Dr Yuri Shendryk1, Yannik Rist1, Dr Catherine Ticehurst2, Dr Peter Thorburn1
1CSIRO, Brisbane, Australia,
2CSIRO, Canberra, Australia
Motivated by the increasing availability of high-resolution satellite imagery, we developed deep learning models able to efficiently and accurately classify the atmospheric conditions and dominant classes of land cover/land use in commercial PlanetScope imagery acquired over the Amazon rainforest. In specific, we trained deep convolutional neural network (CNN) to perform multi-label scene classification of high-resolution (<10 m) satellite imagery. We also discuss the challenges and opportunities in training ensemble CNN models for multi-label scene classification. Our best performing model achieved an F-beta score of 0.91, which was only 2% short of the top performing model in the Understanding the Amazon from Space Kaggle competition. Finally, we investigate the transferability of our PlanetScope-trained models to freely available Sentinel-2 imagery acquired over the wet tropics of Australia. The models trained on PlanetScope imagery performed well when applied to Sentinel-2 imagery with F-beta score of 0.79. Similarly, the models trained on Sentinel-2 imagery achieved F-beta score of 0.80 when applied to PlanetScope imagery. This suggests that our CNN models are suitable for classifying the atmospheric conditions and dominant classes of land cover/land use in satellite imagery of similar resolution to that of PlanetScope and Sentinel-2 (i.e. <10 m).

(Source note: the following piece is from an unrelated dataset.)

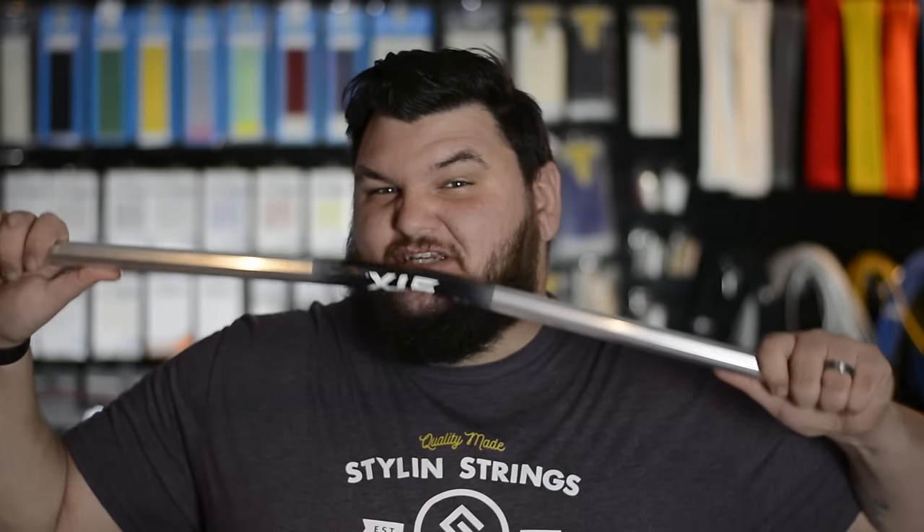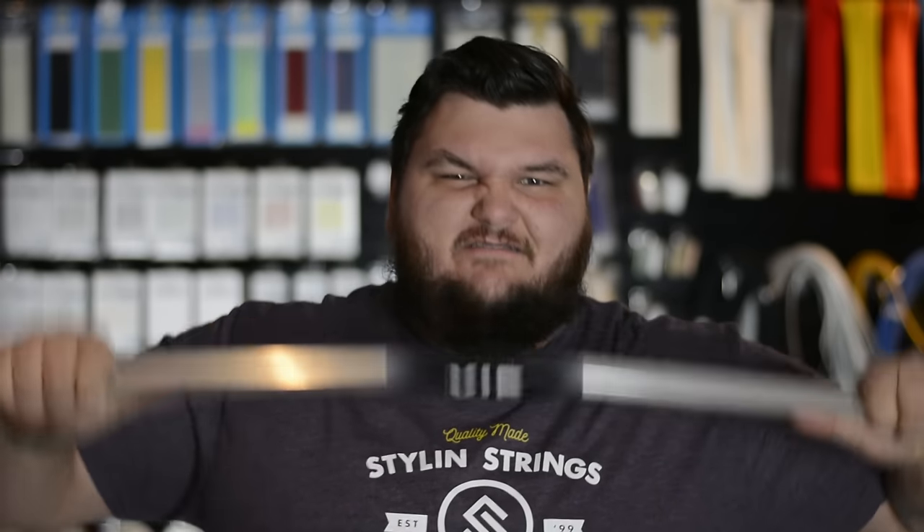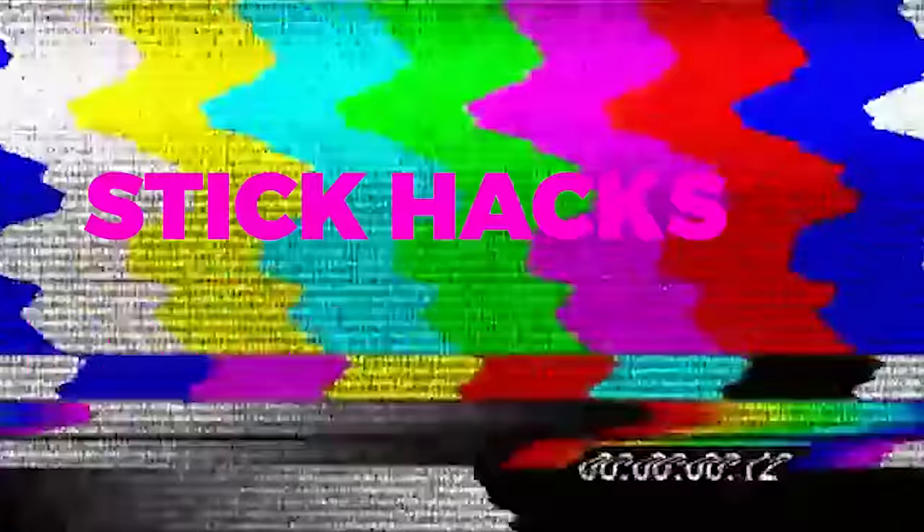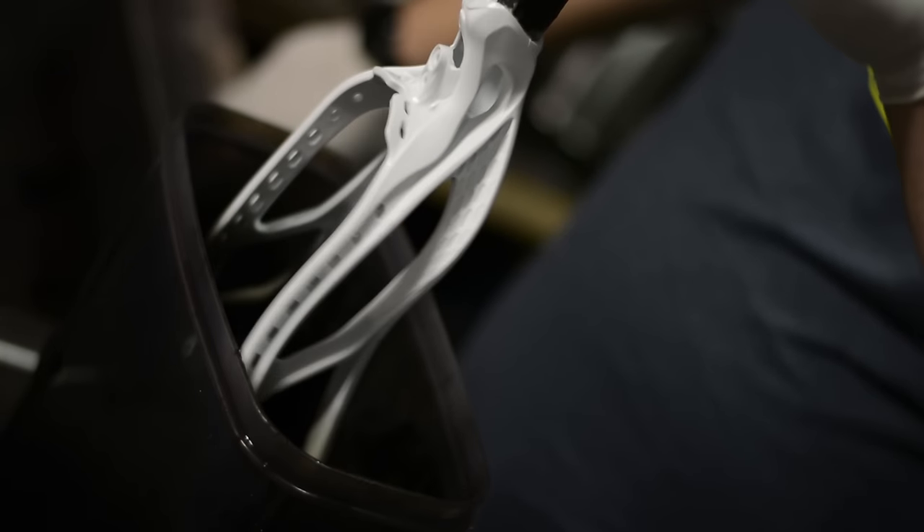Hey guys, Frankie Fingers here from Sound of Strings Lacrosse with another stick hack today. Every once in a while we get some stuff in here at the shop that people don't use anymore, like these shafts. These were trash and now they're my treasure. What I do is actually use them in the dye lab for a couple different purposes.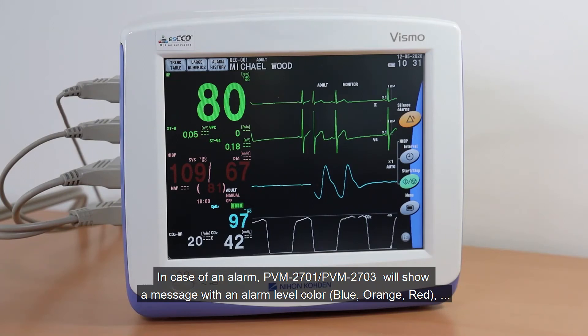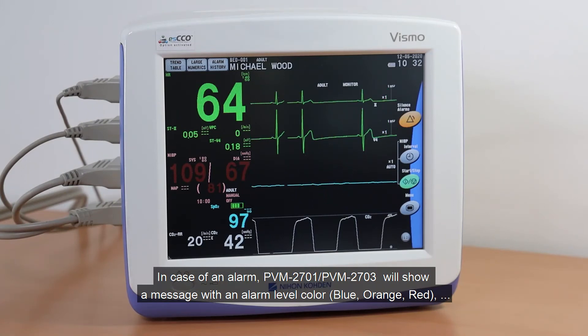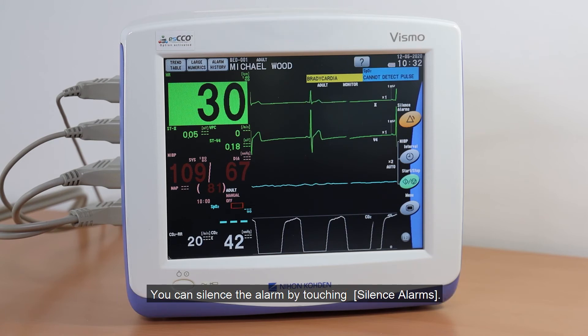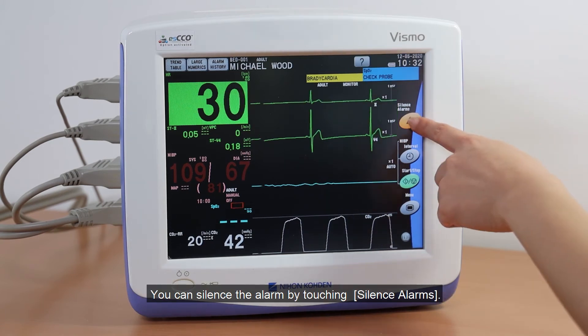In case of an alarm, the monitor will show a message with an alarm level color — blue, orange, or red — a specific sound for the alarm level, and highlighted numeric data. You can silence the alarm by touching Silence Alarms.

Dr Yuri Shendryk is a Postdoctoral Fellow at CSIRO specializing in developing algorithms to process terabytes of satellite and airborne data. After earning a master’s degree in geophysics, he spent more than three years working and studying geospatial engineering in Sweden and Germany. In 2017 he received a PhD from UNSW, and his current research in CSIRO is centred around the integration of remote sensing and machine learning for forest health monitoring and precision agriculture.